Sure I like a lot of what I see, but it’s the rare one that gets under your skin and you can’t help but want more.
Some would say it’s easy to fall in love with a horse: they’re gorgeous creatures born to be the best athletes on the planet.
We’ve all seen the dappled out, well-defined muscles of a top class Thoroughbred unfurling a long stride or unleashing a powerful closing kick: when it’s done right, it takes your breath away.
I suppose I issue a silent challenge to each and every horse I see: make me a believer. The trick to watching horses day in, day out is to do more than develop an eye for a nice worker: you have to train your gut to know that what you’re seeing is special. That takes time and sometimes can be different than what you see on paper.

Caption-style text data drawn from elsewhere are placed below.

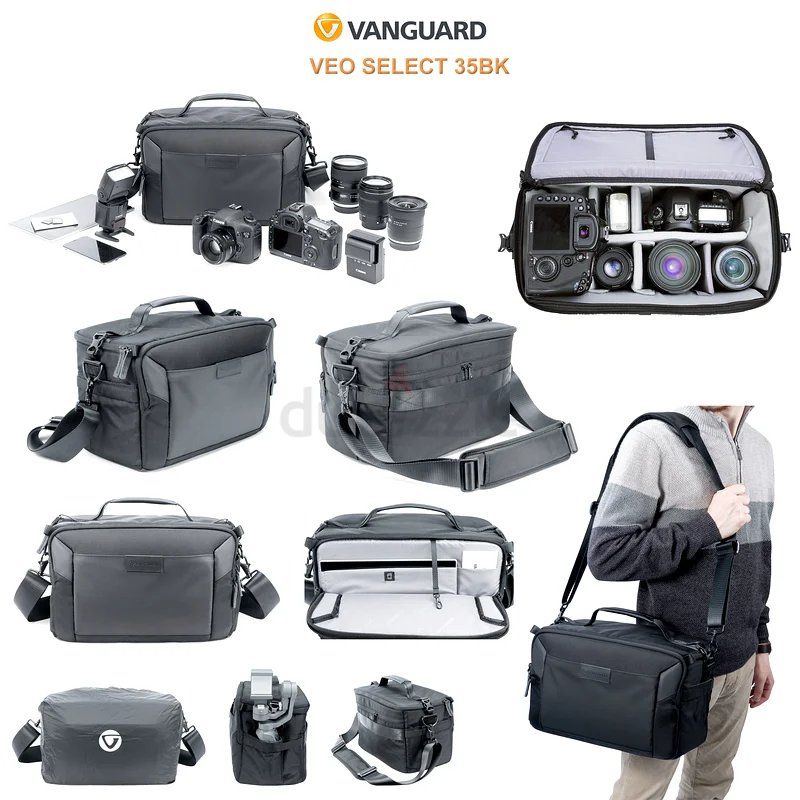 VANGUARD VEO SELECT 35BK Shoulder Bag63234131946881111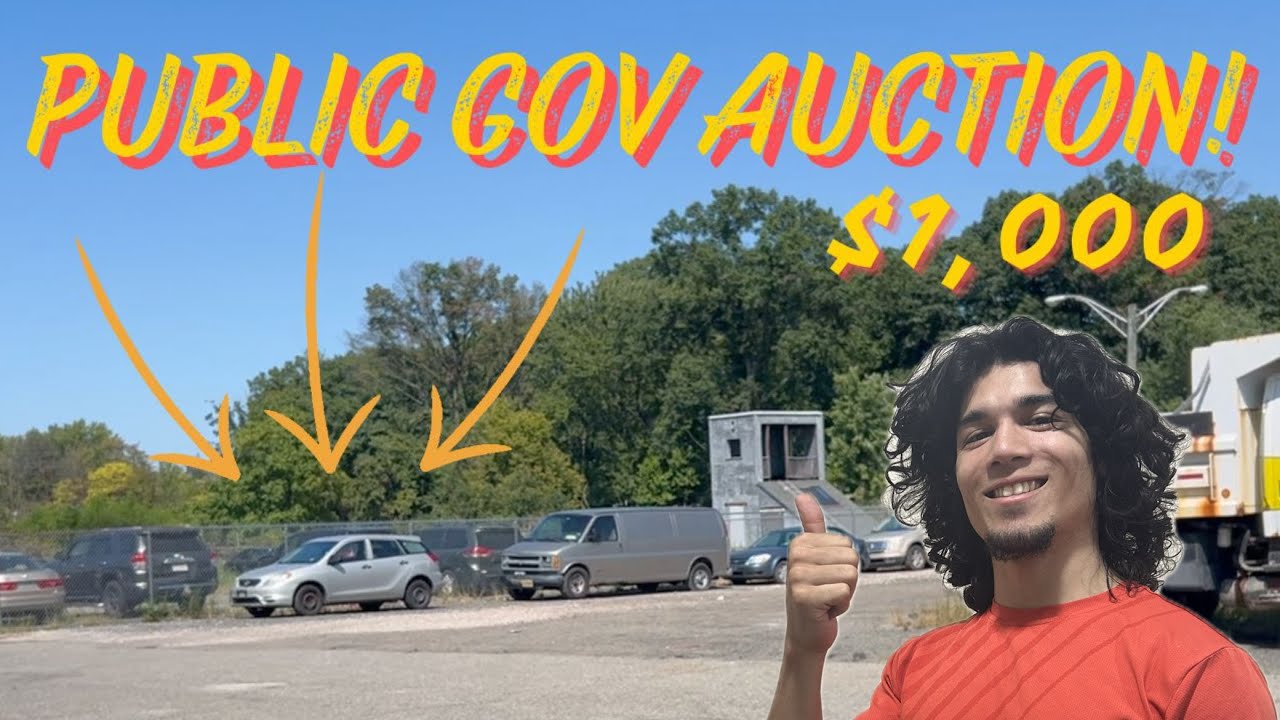 First Day at Cheap Public Car Auction w/ NO DEALERS LICENSE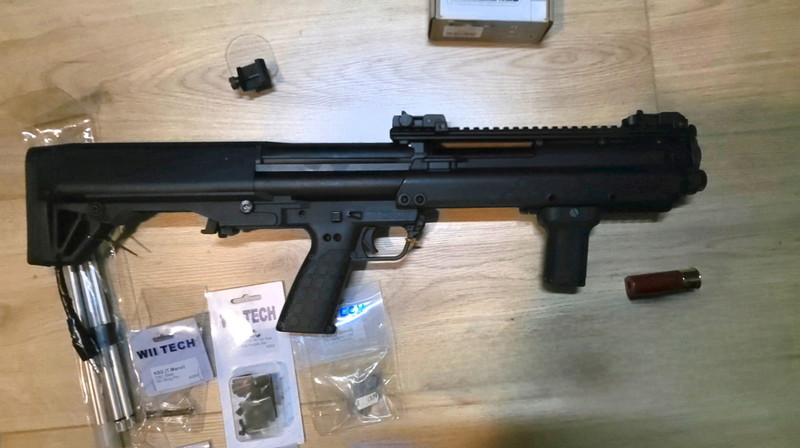 Bild 1 für ASG KSG met WI-Tech mods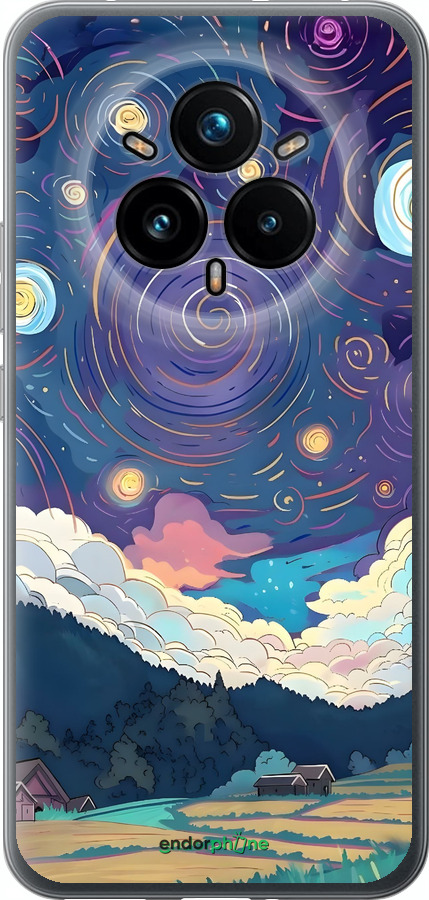 Силіконовий чехол Креативний арт для Realme 14 PRO + - 6322u-3968 изображение 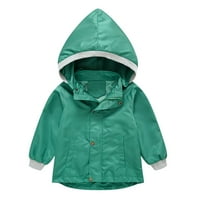 KETYYH-CHN Troškovi za djecu Dječji dječaci Djevojke Zimski kaput sa džepnim kapuljačnim jaknama Zipper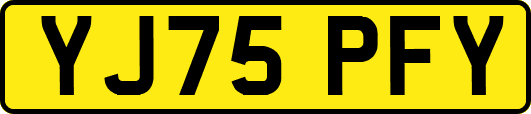 YJ75PFY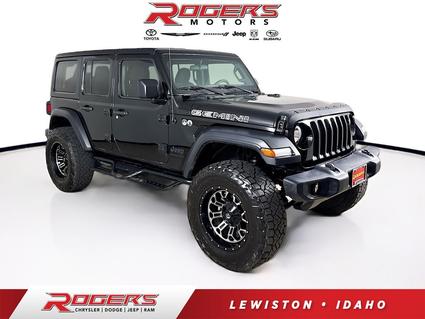 2023 Jeep Wrangler Lewiston ID
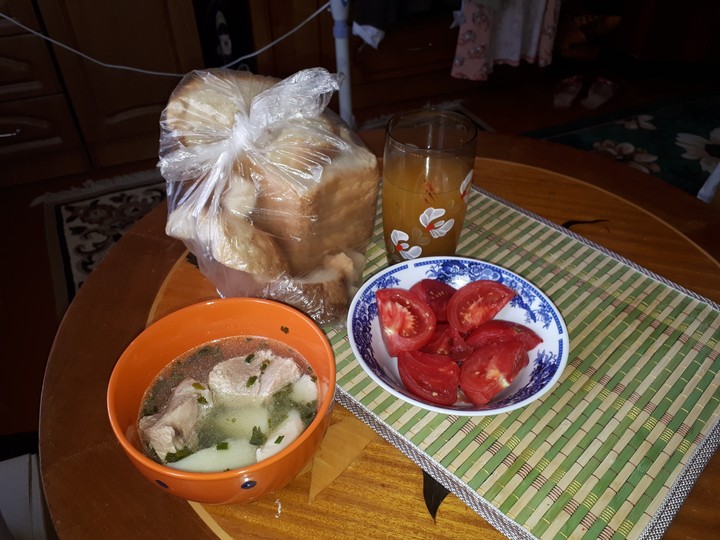 мой летний завтрак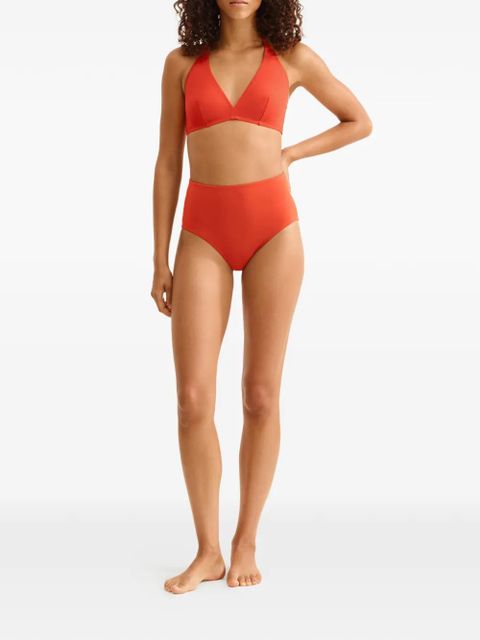 ERES Remember high-waisted brief - Red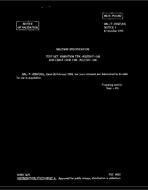 MIL MIL-T-85587 Notice 1 - Validation PDF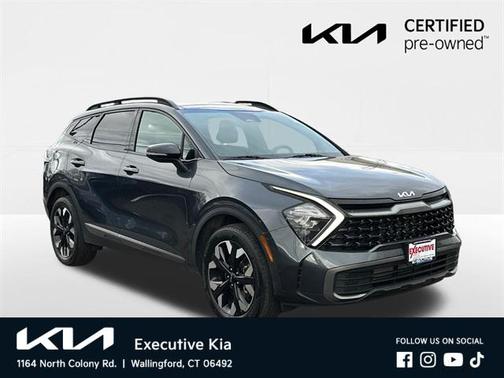 2023 Kia Sportage X-Line
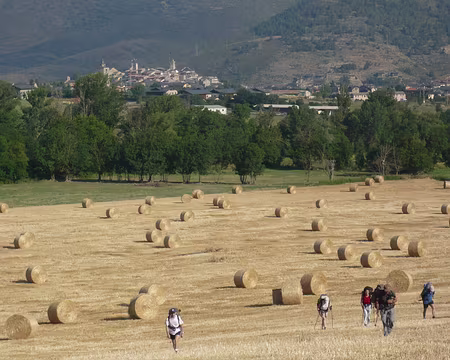 P1010741 5ème jour. Nous quittons Bellver.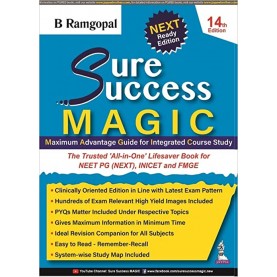 Sure Success MAGIC Paperback – 2022 ,14th Edition by B Ramgopal (Author)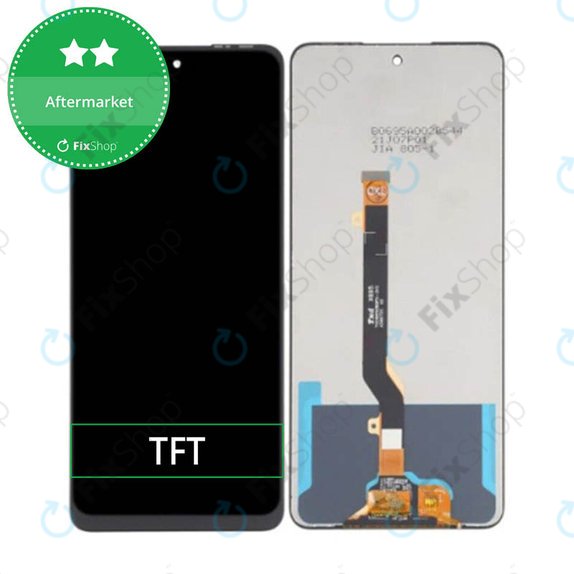 Infinix Note 30 - LCD Display + Touch Screen TFT
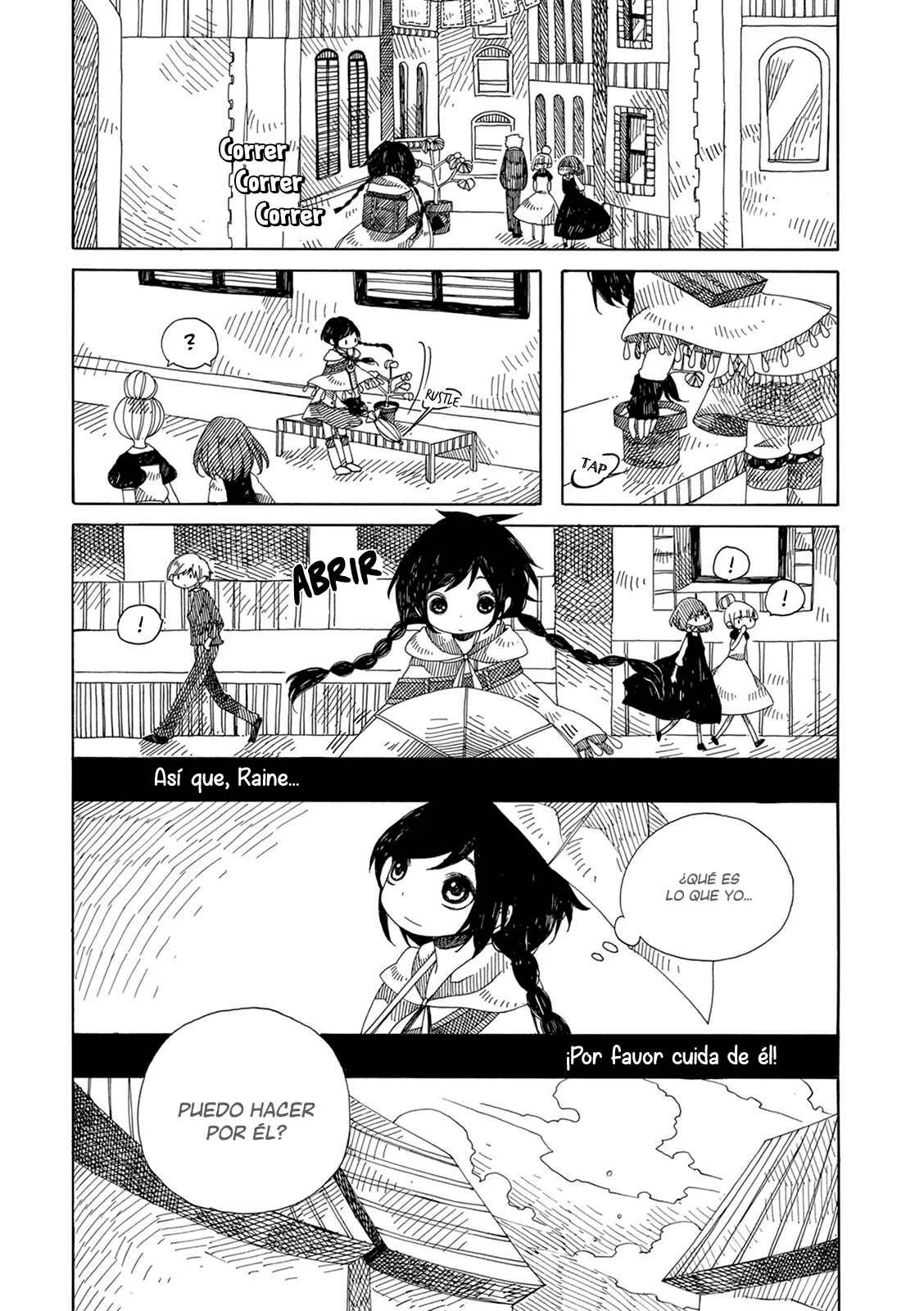 Ame to Hare no Kaze no Tabi Capítulo 5: Limpieza de la Mansión del Bosque Oscuro P.1 - Page 2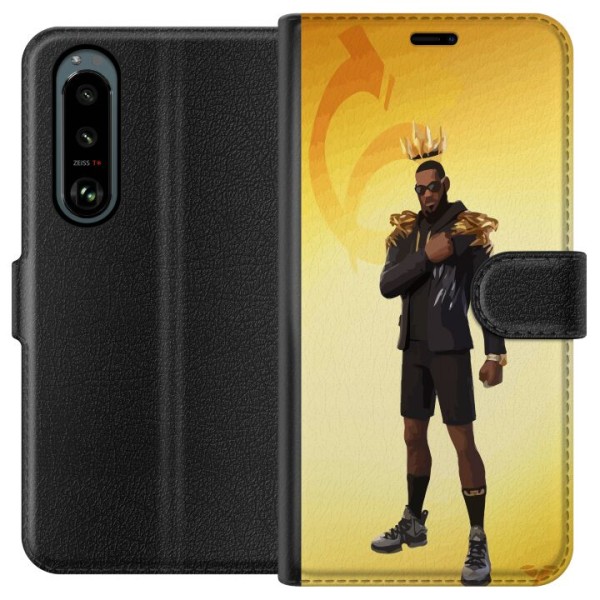 Sony Xperia 5 III Plånboksfodral Fortnite Skin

Take Force Freeze: at last year’s Breeders’ Cup, obviously he had the talent to belong in the Sprint field, but his past performances didn’t scream “love me!” in my book. He made a fan out of me with his gritty runner-up finish, but it wasn’t until we all shipped south to Gulfstream that I really got to see what the big near-black horse was all about. He showed up on the Miami oval one day and you couldn’t help but notice him: he was like David Beckham walking into Kroger – he stood out.
But it wasn’t the times he turned in that had me drooling: it was the effortless way he worked. Every time he came out – for a work or just a gallop – he made being a racehorse look easy.
Tyra Banks talks about this concept of top international runway models having “wind in their hair” even when they don’t have a wind machine to walk at. Force Freeze had that, Animal Kingdom certainly does, and so does Shackleford most days. It’s this aura, this internal glow that sets them apart from everyone else.
Learning to spot the horses that make your heart sing is a lot like dating: you’re going to see a lot of junk before you realize what’s right. And no two people will have the same shortlist of favorites: some people are partial to the more J-Lo booty’d sprinter, others the leggy’d lovely like Heidi Klum.
Me? I don’t have a type. All I ask is they catch my eye and keep my interest… and you can do that on sheer talent alone.